The problem is that we spend all the time fighting fires, but we lack a plan of action for three, or five years ahead,” Ingrīda Blūma, the former president of Hansabanka in a Diena interview on May 12, 2008.

Outbursts

Archive for December, 2007

“I don’t read newspapers”

Posted in Uncategorized on December 11th, 2007

RIGA – The most favored candidate to become Latvia’s next prime minister is a feeble solution to the crisis the previous government stepped into.

The government, led by Aigars Kalvitis of the People’s Party, had to resign on December 5 after thousands of people flooded the streets to demand a change amidst the political culture peppered with cynical attitude toward people.

Suffering through low popularity and high number of seats in the parliament, the ruling People’s Party offered a brand new savior in the form of the minister of regional development Edgars “Harry Potter” Zalans (pictured).

The 40-year-old former mayor of the town of Kuldiga took a page out of the George W. Bush’s early days, according to his interview to the magazine Privata Dzive (Private Life).

“I read magazines,” he told, well, the magazine. “I don’t read newspapers out of principle, so that I wouldn’t read any information that creates negative emotions.”

Besides not reading newspapers, Zalans plans to earn back the trust lost by the previous administration by not participating in the most watched political TV program on Latvian television Kas Notiek Latvija? (What’s Happening in Latvia?).
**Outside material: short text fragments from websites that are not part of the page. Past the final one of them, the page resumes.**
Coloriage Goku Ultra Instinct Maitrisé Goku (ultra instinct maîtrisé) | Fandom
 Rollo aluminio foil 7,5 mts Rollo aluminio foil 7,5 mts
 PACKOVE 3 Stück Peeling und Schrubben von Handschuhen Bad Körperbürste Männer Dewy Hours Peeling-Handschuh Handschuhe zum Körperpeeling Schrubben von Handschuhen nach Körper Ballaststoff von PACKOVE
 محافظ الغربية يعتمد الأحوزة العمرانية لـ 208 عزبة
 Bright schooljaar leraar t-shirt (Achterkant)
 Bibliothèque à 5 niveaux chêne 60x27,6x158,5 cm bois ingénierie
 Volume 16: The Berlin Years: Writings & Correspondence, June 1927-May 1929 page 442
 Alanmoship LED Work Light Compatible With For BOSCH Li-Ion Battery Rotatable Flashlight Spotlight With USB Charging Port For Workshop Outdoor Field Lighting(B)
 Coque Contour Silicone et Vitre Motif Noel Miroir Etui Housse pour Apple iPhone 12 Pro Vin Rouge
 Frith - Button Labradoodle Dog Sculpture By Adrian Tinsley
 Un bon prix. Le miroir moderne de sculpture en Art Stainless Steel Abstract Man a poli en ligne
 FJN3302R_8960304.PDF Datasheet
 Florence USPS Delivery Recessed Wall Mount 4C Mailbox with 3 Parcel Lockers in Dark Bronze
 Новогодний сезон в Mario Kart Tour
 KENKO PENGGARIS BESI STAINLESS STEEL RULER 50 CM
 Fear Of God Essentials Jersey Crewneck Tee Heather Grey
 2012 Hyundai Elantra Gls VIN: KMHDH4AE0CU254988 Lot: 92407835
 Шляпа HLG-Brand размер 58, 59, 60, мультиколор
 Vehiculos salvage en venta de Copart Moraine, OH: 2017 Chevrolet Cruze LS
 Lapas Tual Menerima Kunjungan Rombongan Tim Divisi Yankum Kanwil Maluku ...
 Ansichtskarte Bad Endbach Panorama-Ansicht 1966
The TV program has become the token Wednesday night line-up led by journalist Janis Domburs, who sits politicians down, asks them questions and challenges them on policies.

As the Baltic Bulletin notes,

“Domburs is never rude per se, but he has no problem with letting his guests - and the audience - know when they aren’t being candid or are just being plain daft. The show is a Wednesday evening institution for the intelligentsia and politicos and if any single media outlet can be said to have a direct influence on policy, this is it.”

Zalans, however, told the magazine, “That dude has real problems, you know what I’m sayin’?”

All day today, the People’s Party politicians and Zalans press secretary have been trying to control the damage, saying his comments were taken out of context or hyped up by the magazine. Zalans himself, however, said everything he could when he kept quiet today.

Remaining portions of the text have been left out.